In the centuries since the end of the Pharaonic Egyptian era, an ever-widening array of international artists have responded to its distinctive visual culture. Within this broad global reaction, British artists have been particularly prominent – using a range of media to explore the ancient civilisation’s continued presence within modern life.
Bradford-born painter, printmaker, and photographer David Hockney (1937 -) has played an especially energetic role in nourishing this present-day interest in ancient Egypt within Britain. As a young man, Hockney witnessed first-hand the heaped shelves of Egyptian artifacts displayed in city museums and, like others coming of age in the post-war period, would frequently have encountered Hollywood visions of resurrected ‘mummies’ and highly dramatic, eroticising portrayals of Egyptian rulers on television and in magazines. But it was during his years as a Royal College of Art student in the early 1960s that Hockney first engaged with Pharaonic Egypt within his own art, in two paintings from 1961 both drawing on the highly visual poetry of Greek-Egyptian writer Constantine Cavafy: the first, A Grand Procession of Dignitaries in Semi-Egyptian Style, depicting three elusive figures (one wearing a classic Pharaonic ‘nemes’ headdress) walking in a mysterious pageant and the other, Egyptian Head Disappearing into Descending Clouds, portraying a sphinx-like form shrouded in a thick, luminous fog.

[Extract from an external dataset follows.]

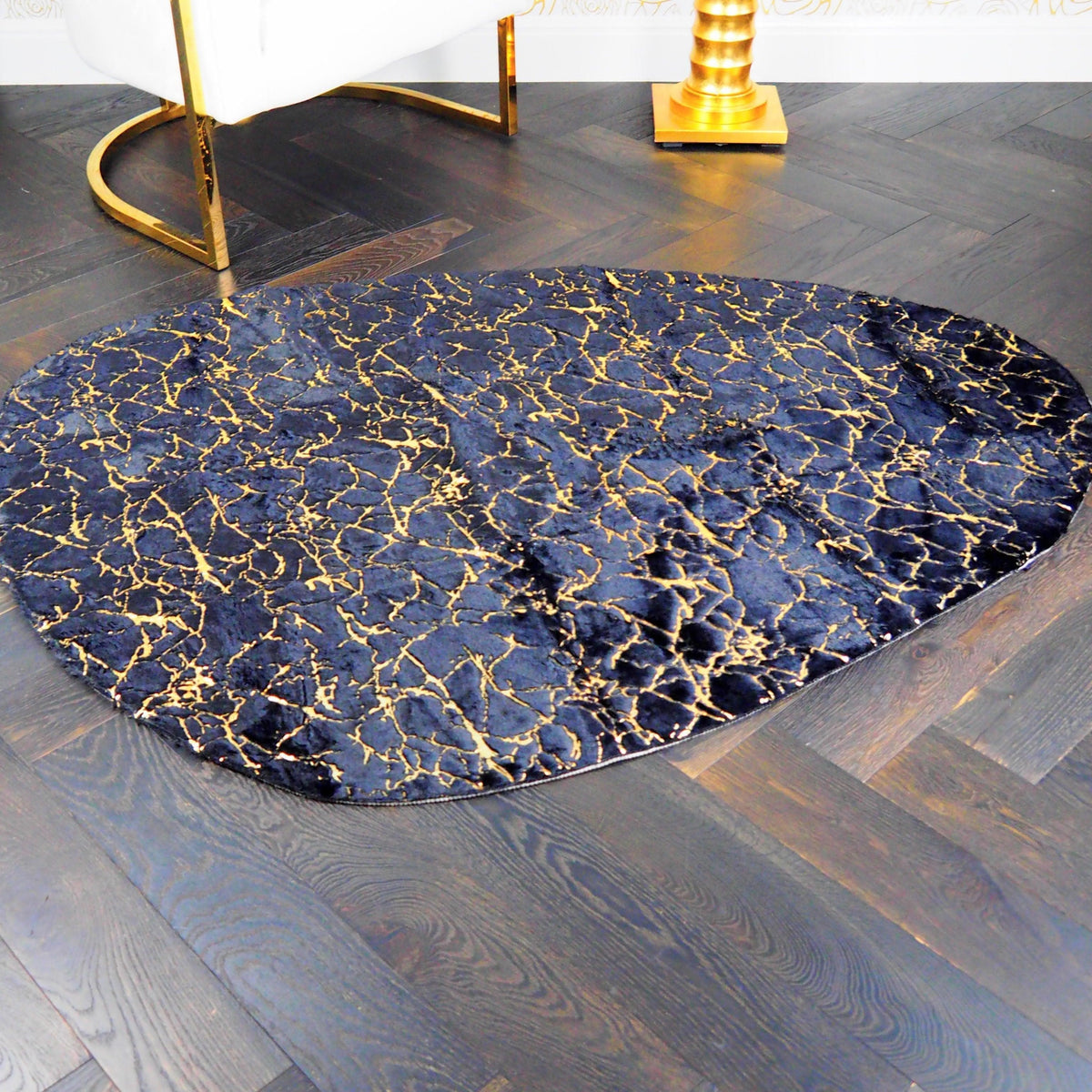 Abstract Gold Gilded Pebble Accent Rug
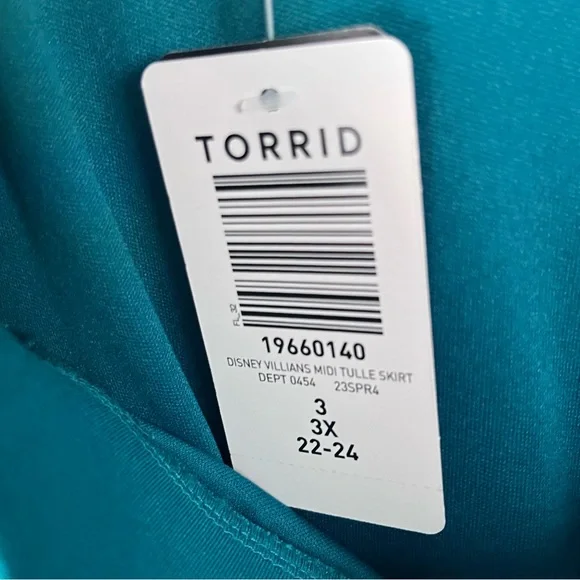 TORRID x DISNEY VILLAINS Green Tulle Graphic Pull On Waist Lined Skirt Size 3X - Picture 6 of 9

In the years afterward, Hockney’s engagement with Ancient Egypt remained mediated through film and museums; a situation he drew direct attention to in his largescale 1962 painting Man in a Museum (or You’re in the Wrong Movie). In this painting, Hockney captured a fleeting moment in Berlin’s Pergamon Museum when a large, colourful Pharaonic statue appeared to suddenly come to life behind his unsuspecting friend, producing a humorous juxtaposition between static figure and living monument through which Hockney could toy with ideas of past and present while gesturing to Hollywood’s enduring obsession with Egypt.